If you read my blog from time to time or follow the Fueled by Love Facebook page, you may be aware that I’m writing a book about my bike journey along the length of the Mississippi River. And since it’s been more than two years since that journey, I guess you can see it’s slow going. Sort of like this post.

Most of the book will be about my time on the bike and the lessons I learned and the fun I had and the contentment I felt when on that saddle in places I had never been, often alone with just me, my bike and Jesus. (Potential title of a chapter)

But in order to set the book into place, I needed to write about when Chris was found–that’s the prologue–and when he was lost. I’ve written these two chapters already because they are the hardest and I had to be able to do that, to write about my deepest sorrow and fear, in order to write the remainder of the book. 

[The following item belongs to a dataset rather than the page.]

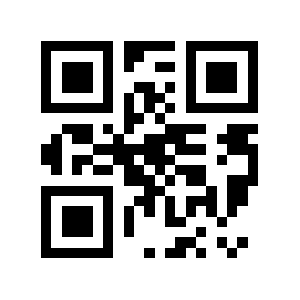 94139 QR code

One of the chapters is called “(No) Next Time,” just like this blog post, though the chapter will be quite different from this post. I couldn’t get it out and Josué told me just to write what I needed to write and then let others edit for me, so that’s what I did. I’m terrified of the editing, to be honest, because what I wrote is embedded into my being, but in order to tell the story, it will have to be. And it’s okay.

I want to share this one piece of that chapter, though, today, on four year Sadiversary, Part 1. 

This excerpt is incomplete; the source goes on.